AIM OF THE TASK:
Set down exactly, from the records below, the line with "Gæstehus Clerfons: Sejour" through the line with "Merlinlamps S2816 Bali", and nothing else.

SUPPLIED ENTRIES:

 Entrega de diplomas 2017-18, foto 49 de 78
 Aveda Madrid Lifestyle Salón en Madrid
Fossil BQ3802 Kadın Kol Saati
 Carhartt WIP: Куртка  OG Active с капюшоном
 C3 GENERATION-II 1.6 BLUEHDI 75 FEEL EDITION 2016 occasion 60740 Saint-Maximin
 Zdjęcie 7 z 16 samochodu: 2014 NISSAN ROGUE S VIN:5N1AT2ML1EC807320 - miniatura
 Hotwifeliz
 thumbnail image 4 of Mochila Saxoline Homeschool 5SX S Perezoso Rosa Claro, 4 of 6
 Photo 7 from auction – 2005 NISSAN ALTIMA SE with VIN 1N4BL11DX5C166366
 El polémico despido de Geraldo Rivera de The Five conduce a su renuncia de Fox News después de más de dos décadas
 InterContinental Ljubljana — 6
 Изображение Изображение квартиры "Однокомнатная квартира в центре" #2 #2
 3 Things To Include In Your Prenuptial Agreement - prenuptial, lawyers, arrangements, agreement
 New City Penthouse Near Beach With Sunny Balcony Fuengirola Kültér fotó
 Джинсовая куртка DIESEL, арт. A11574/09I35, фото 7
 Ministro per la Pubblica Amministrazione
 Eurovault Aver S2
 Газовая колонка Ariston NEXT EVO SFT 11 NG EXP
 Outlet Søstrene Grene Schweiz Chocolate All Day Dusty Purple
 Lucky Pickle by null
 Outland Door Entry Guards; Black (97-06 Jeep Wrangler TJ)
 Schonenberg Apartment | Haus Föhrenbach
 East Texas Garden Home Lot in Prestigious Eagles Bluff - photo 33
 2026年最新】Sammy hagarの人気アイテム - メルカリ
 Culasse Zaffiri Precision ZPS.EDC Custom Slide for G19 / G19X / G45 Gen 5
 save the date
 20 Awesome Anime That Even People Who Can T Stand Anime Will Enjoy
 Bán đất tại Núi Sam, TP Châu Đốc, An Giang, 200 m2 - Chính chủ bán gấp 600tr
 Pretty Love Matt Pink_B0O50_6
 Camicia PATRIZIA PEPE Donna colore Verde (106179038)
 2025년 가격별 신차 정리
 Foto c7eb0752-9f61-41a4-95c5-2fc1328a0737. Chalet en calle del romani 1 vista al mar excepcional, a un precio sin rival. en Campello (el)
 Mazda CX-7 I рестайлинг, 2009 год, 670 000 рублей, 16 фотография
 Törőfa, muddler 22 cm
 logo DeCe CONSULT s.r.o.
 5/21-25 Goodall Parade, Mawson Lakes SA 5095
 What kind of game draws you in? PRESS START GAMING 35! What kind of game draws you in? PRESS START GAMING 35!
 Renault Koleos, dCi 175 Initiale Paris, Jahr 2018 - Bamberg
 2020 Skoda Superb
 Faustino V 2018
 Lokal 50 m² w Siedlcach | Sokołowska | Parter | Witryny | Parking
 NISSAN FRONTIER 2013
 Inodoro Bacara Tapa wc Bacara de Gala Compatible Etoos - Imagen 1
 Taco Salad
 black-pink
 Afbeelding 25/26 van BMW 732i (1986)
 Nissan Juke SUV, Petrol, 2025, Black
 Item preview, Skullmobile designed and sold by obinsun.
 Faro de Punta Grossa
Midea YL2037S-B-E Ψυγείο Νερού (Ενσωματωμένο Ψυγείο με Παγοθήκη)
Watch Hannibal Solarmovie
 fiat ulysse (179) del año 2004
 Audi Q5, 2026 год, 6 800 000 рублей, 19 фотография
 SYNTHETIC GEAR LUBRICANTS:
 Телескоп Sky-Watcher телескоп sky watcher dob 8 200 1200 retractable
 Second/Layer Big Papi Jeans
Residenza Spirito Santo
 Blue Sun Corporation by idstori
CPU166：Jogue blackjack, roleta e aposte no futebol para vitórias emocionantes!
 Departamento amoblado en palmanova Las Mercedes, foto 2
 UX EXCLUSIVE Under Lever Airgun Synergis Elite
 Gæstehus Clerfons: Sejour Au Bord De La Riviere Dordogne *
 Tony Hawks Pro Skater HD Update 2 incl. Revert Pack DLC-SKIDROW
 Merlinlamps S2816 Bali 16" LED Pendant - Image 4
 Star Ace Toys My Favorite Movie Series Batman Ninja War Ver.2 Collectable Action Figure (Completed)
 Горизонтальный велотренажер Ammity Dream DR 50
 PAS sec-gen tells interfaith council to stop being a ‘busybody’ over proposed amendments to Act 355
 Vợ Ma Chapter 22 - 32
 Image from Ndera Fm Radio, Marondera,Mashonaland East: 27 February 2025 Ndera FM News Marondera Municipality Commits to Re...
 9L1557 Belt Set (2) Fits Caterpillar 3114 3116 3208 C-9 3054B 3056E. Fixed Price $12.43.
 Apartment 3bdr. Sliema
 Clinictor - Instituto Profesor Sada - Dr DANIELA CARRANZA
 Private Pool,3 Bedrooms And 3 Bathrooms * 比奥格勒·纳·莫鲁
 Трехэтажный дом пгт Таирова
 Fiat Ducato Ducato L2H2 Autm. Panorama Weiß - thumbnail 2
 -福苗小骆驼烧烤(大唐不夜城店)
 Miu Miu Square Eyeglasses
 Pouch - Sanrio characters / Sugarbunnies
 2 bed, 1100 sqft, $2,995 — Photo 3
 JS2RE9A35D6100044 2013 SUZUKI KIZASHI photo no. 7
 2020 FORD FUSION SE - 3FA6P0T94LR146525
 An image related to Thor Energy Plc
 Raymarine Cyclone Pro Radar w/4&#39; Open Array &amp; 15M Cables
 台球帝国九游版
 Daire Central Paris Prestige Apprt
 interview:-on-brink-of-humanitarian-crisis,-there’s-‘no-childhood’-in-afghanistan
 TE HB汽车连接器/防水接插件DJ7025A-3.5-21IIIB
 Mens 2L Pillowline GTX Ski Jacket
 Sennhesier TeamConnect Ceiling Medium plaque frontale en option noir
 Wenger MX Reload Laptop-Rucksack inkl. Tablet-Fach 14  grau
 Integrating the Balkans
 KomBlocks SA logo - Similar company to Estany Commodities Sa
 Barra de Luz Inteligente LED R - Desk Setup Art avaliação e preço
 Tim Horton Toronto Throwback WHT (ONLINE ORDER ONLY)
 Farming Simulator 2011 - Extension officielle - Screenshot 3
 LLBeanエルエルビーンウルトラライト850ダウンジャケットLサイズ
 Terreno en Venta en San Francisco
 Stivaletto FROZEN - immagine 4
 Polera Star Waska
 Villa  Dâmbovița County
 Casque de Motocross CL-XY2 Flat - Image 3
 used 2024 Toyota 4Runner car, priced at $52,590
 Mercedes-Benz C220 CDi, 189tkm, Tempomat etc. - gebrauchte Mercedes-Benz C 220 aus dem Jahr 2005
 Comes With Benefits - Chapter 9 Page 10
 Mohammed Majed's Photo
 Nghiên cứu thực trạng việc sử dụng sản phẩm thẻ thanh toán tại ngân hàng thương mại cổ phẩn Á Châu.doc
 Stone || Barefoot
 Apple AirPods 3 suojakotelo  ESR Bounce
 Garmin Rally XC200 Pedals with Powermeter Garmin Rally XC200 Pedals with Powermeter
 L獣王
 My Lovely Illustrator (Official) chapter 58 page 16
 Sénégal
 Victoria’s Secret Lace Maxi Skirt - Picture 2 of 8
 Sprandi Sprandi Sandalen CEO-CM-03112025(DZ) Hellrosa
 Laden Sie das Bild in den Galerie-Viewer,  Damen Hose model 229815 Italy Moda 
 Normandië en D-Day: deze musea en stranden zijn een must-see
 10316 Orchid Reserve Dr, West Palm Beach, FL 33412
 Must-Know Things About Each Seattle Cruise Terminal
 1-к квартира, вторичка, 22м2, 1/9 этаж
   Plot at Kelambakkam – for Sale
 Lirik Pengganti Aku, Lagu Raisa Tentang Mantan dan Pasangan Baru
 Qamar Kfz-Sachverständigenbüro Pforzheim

OUTPUT FOR THIS EXERCISE:
 Gæstehus Clerfons: Sejour Au Bord De La Riviere Dordogne *
 Tony Hawks Pro Skater HD Update 2 incl. Revert Pack DLC-SKIDROW
 Merlinlamps S2816 Bali 16" LED Pendant - Image 4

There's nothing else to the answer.